Moth City Issue 4 coverWe previewed Tim Gibsons’ Moth City earlier this week giving you the chance to see the new direction it’s going in with the extra horror elements in season 2. After the politcal wrangling of the first season, it’s beginning to develop a really nice dark tone to it and is becoming  reminiscent of Phillips and Brubaker’s Fatale (which is about as high a praise as we can give!). However what makes it such a great read is that intangible extra which comes with each instalment. The  Oriental setting and sub-plot  makes it feel really old fashioned and gritty, like a pulp novel from the 1940s, but not in a way which we have seen done a million times so it still feels fresh. Gibson’s artwork is tight and controlled making the most of ComiXology‘s Guided View with smart transitions and layered imagery, but it also has loose and expressive style, meaning it doesn’t feel soul-less and corporate. His script is smartly written and the characters brilliantly realised, so when combined together makes Moth City feel both incredibly modern and slick but also classic and timeless. Getting the balance of these elements right on a Guided View Comic is quite tricky and not everyone manages to get it, but with Moth City Gibson does a near perfect job of keeping his comic both readable and innovative in equal measures. Every page features something new and exciting and as such this should be regarded as the yardstick for all other Guided View comics to be judged against right now.

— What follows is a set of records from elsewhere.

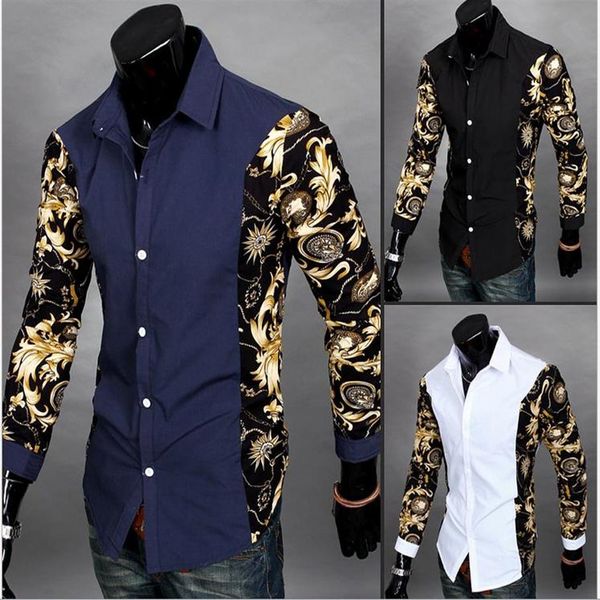 Moda-Hombres Parte Imprimir Diseño de patrón floral Cuello vuelto Manga larga Patchwork Hombres Camisa de vestir 285B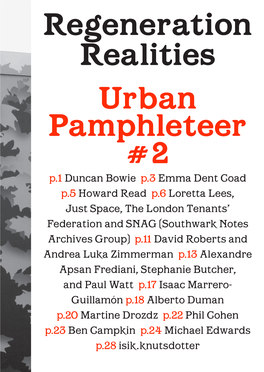 Urban Pamphleteer #2 Regeneration Realities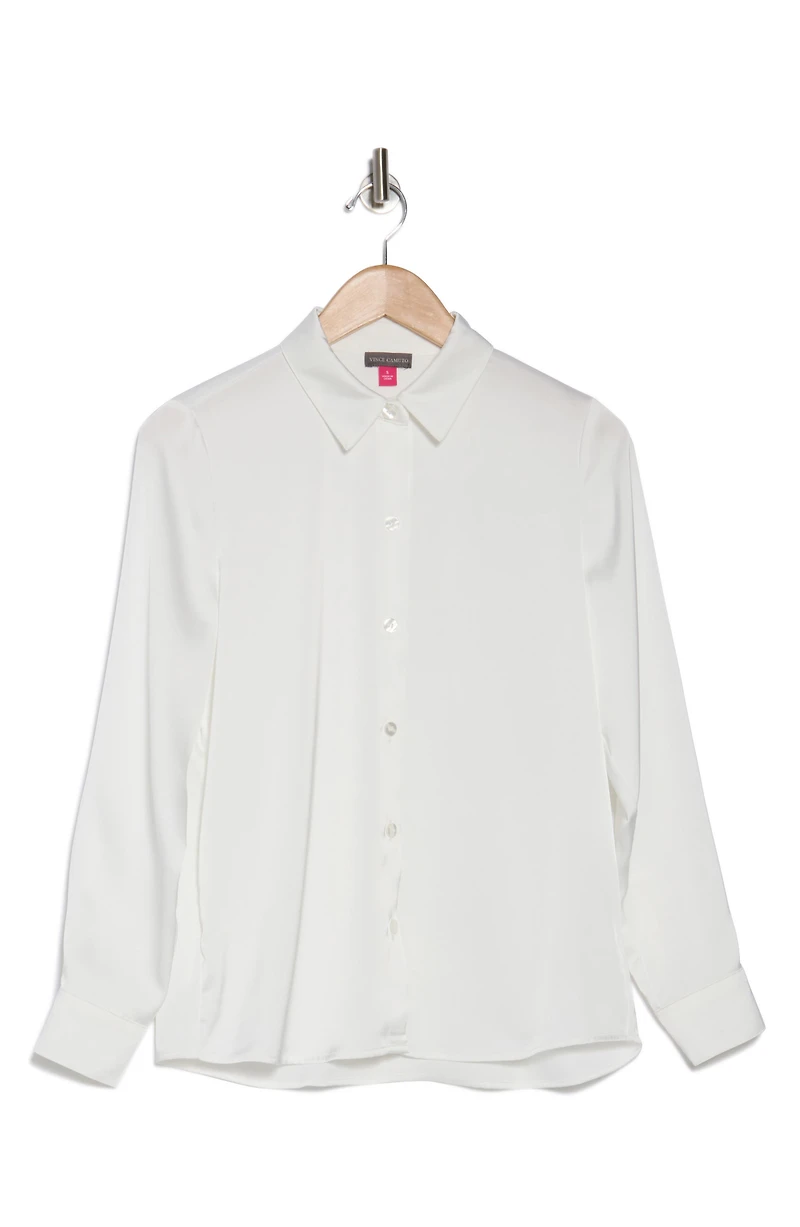 Satin Long Sleeve Button-Up Shirt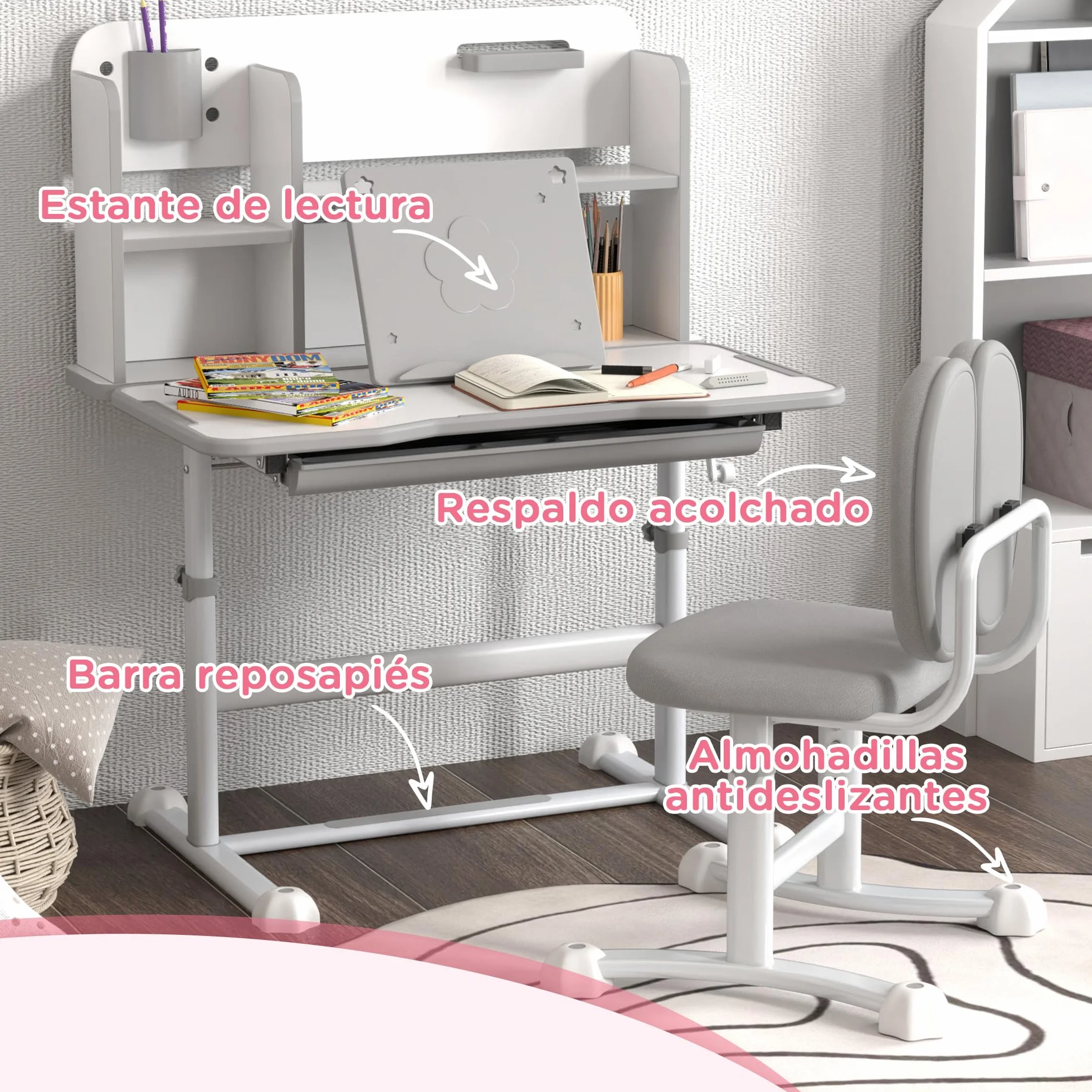AIYAPLAY Pupitre Infantil Altura Ajustable con Tablero Inclinable, Cajón y Estantes, 80x55x107,5 cm, Gris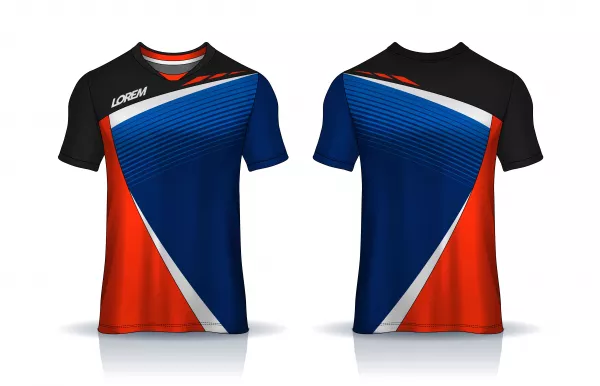 T Shirt Sport Design Template Uniform Front Back View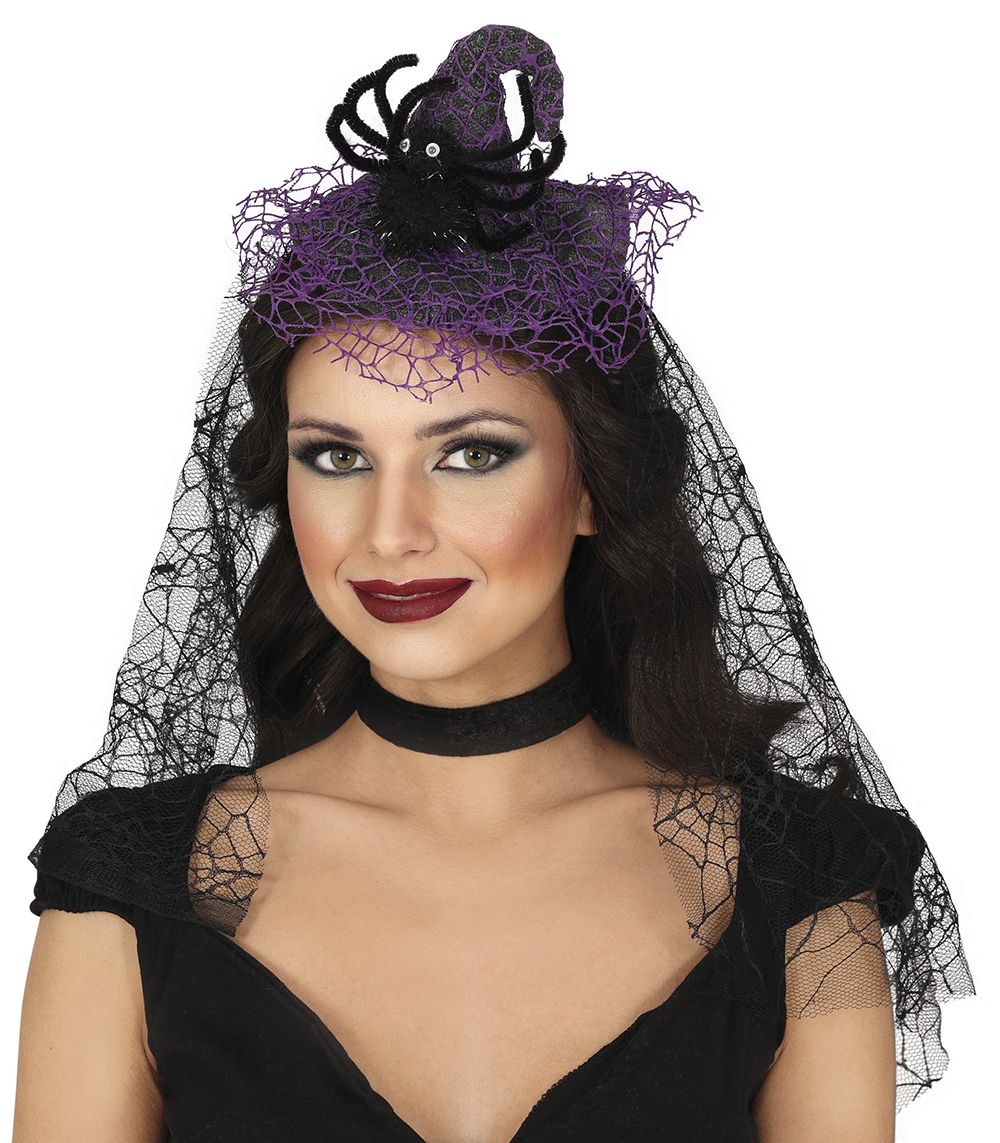 Halloween Hoofdband Heks Met Sluier - Image 2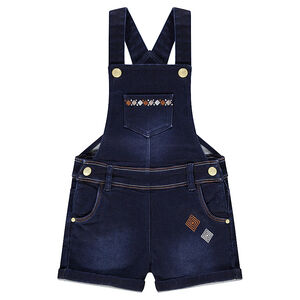 Κοντή σαλοπέτα τζιν με κεντημένες μπορντούρες σε έθνικ στιλ 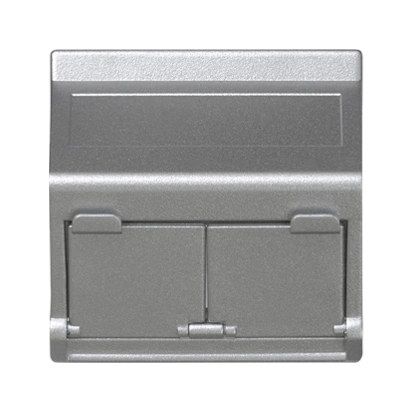 Płytka K45 2x RJ z osłoną skośną; do adapterów MD aluminium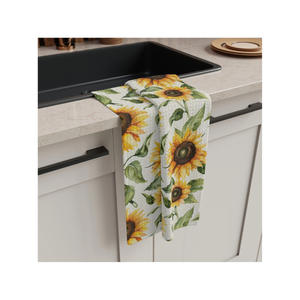 Rapid Dry 100% Cotton Embroidered 18x28 Leaves Handmade Soft Recyclable Quick Dry Budget Friendly Machine Washable Dish Towels - Product Image 4
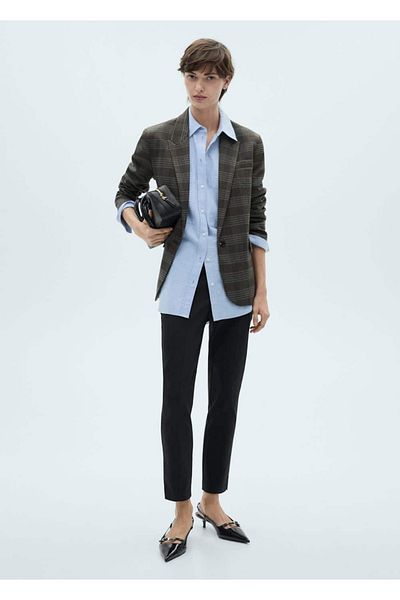 MANGO Woman Straight Cut Cotton Trousers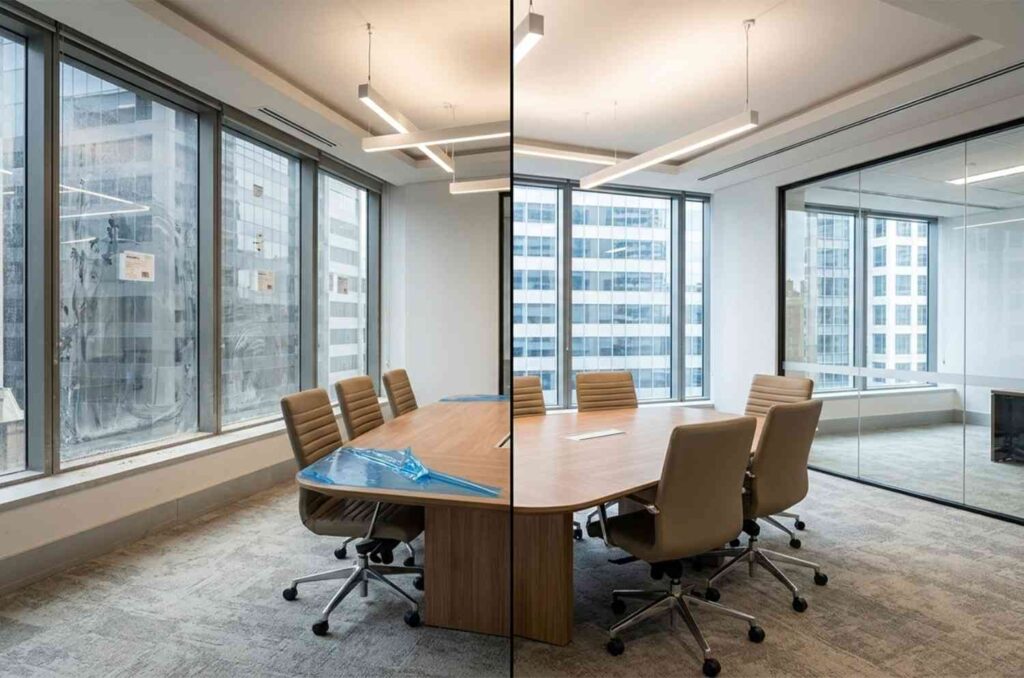 Before-and-after commercial window cleaning in a modern office meeting room.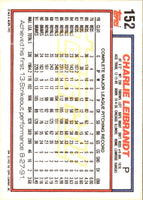 1992 Topps Charlie Leibrandt #152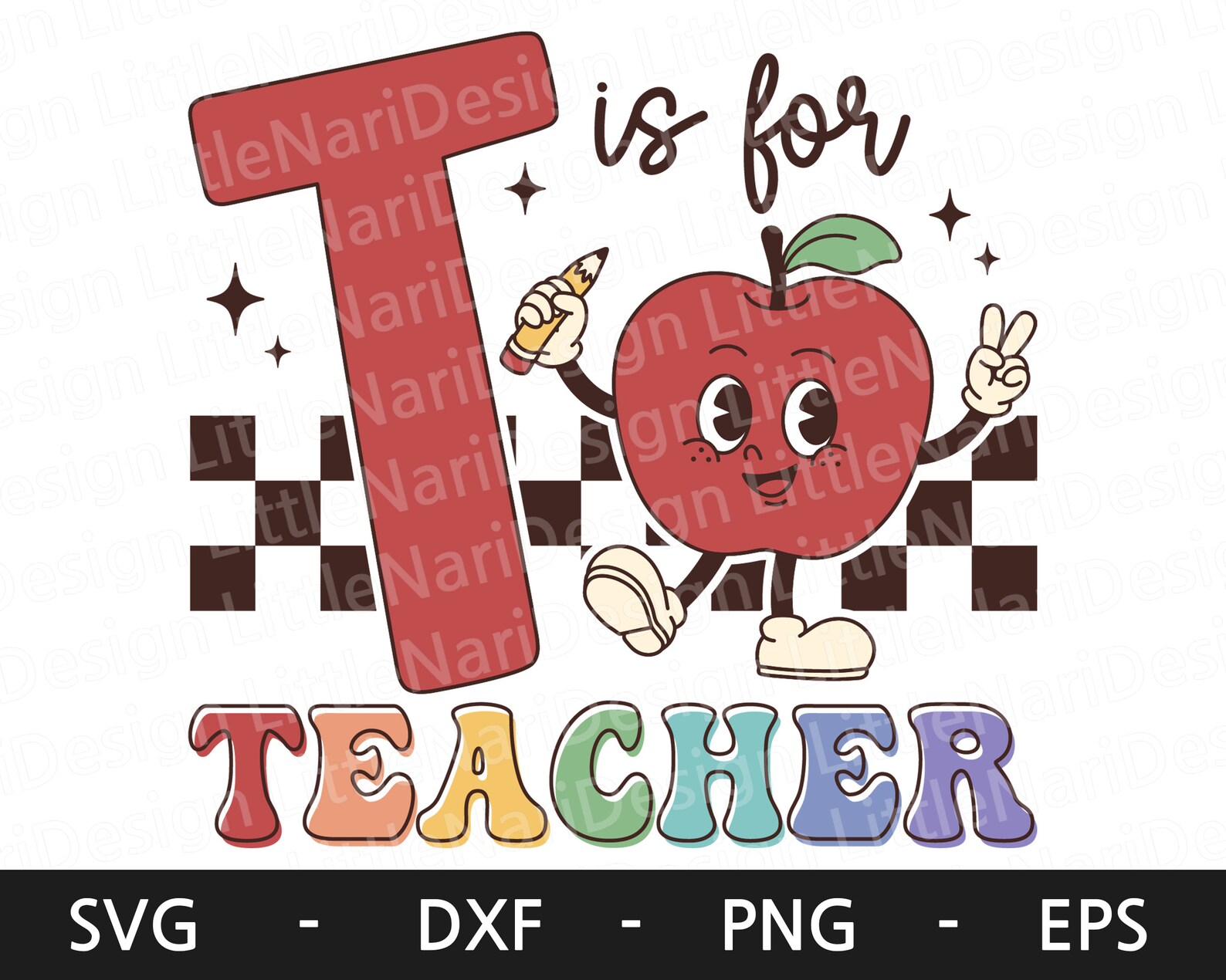 T is for Teacher Svg, Back to School Svg, Apple Scg, Pencil Svg, Funny ...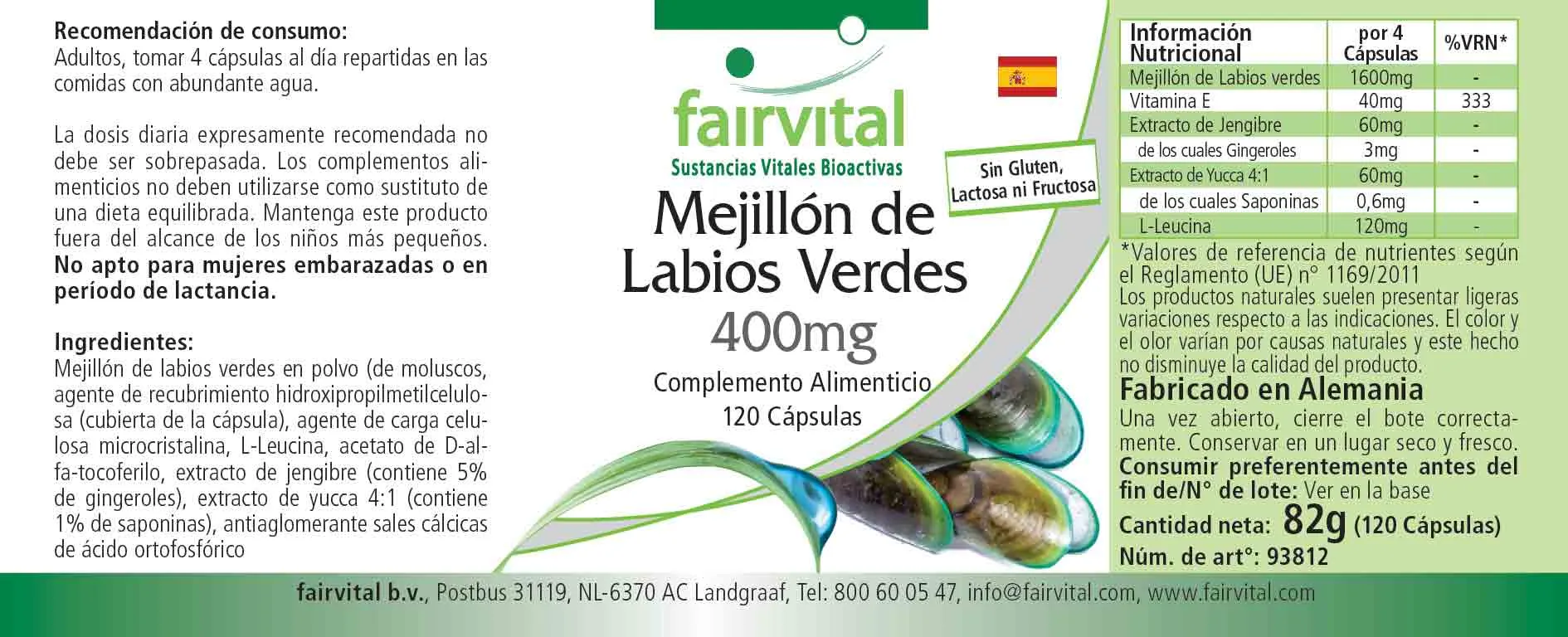 Mejillón de labios verdes 400 mg - 120 cápsulas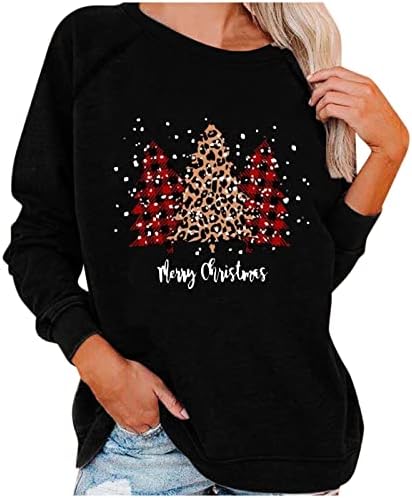 Божиќни кошули на ДСОДАН БЕУУ за жени, женски Божиќни маички за печатење со дрвја со долги ракави врвови на екипажот за пулвер маици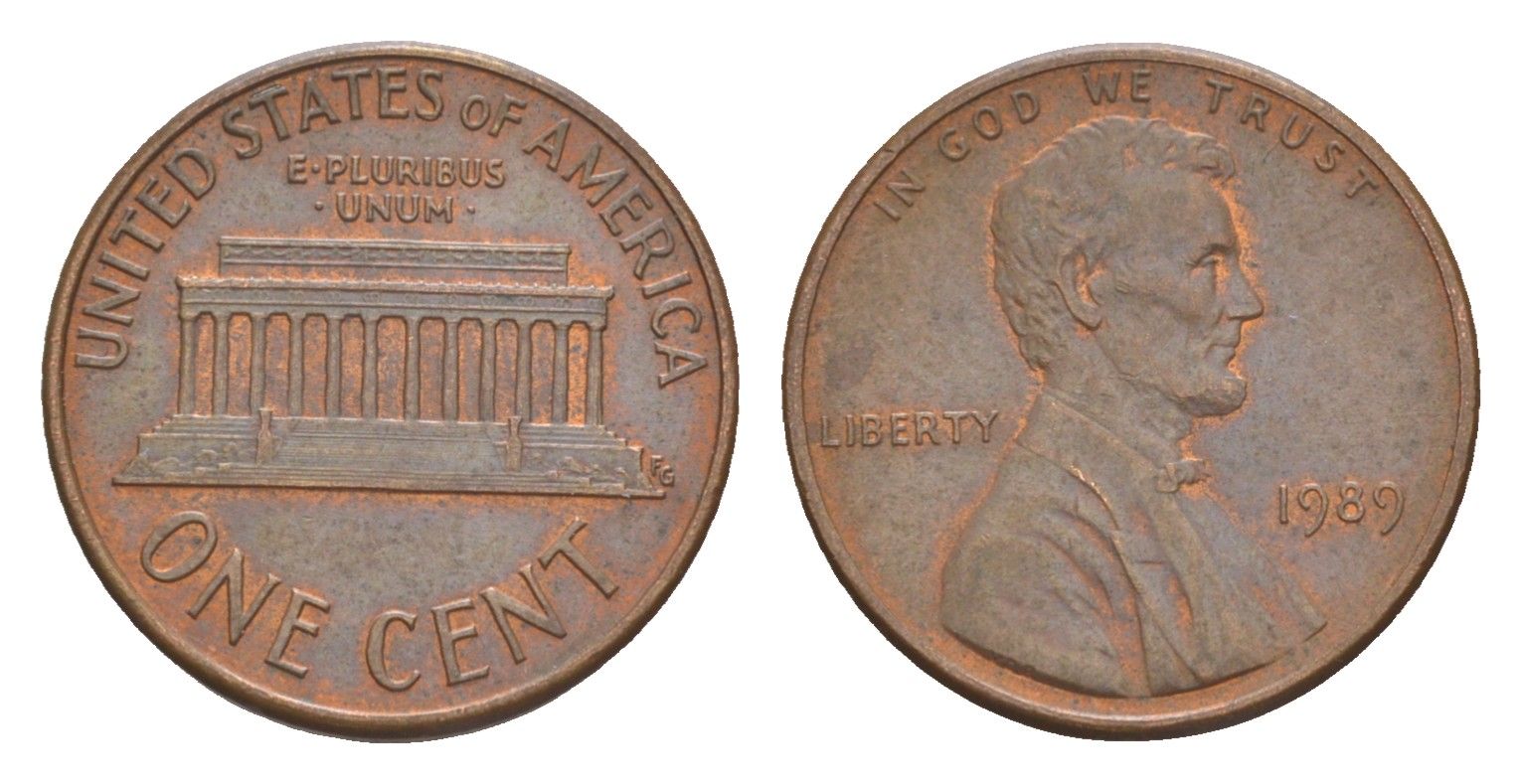 США 1 цент 1989 Авраам Линкольн KM 201b цинк плакированная медью 4649-1244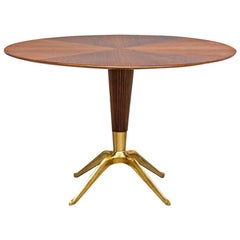 Italian Wood and Brass Dining Table, Melchiorre Bega, 1948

Moth City Season 2 Part 2 is available via ComiXology for £0.69/$0.99

The Making of The Private Eye (Panel Syndicate)

The Making of The Private Eye (Panel Syndicate)If you’re a fan of Brian K Vaughan and Marcos Martin’s The Private Eye, or simply a huge fan of the comic book creation process then this is an absolute must. Stripping back the creative process for this ‘pay what you want’ digial comic right back to early concept emails, as well as the pitch which Vaughan gave Martin to get him board, this is about as revealing a behind the scenes look into the world of comics as you can get without being able to see inside BKV’s brain. Alongside early character sketches, layouts and a complete script for issue one, this lets you view the entire creative process for Vaughan and Martin’s modern masterpiece, including the rejected names and characters which never made the final draft. There are even emails discussing the very publishing model they chose. There’s just about enough in here to keep us satisfied while we wait for issue 4, as it’s filled with some truly fascinating stuff from this truly unique series!
The Making of The Private Eye is available from for the price of your choice.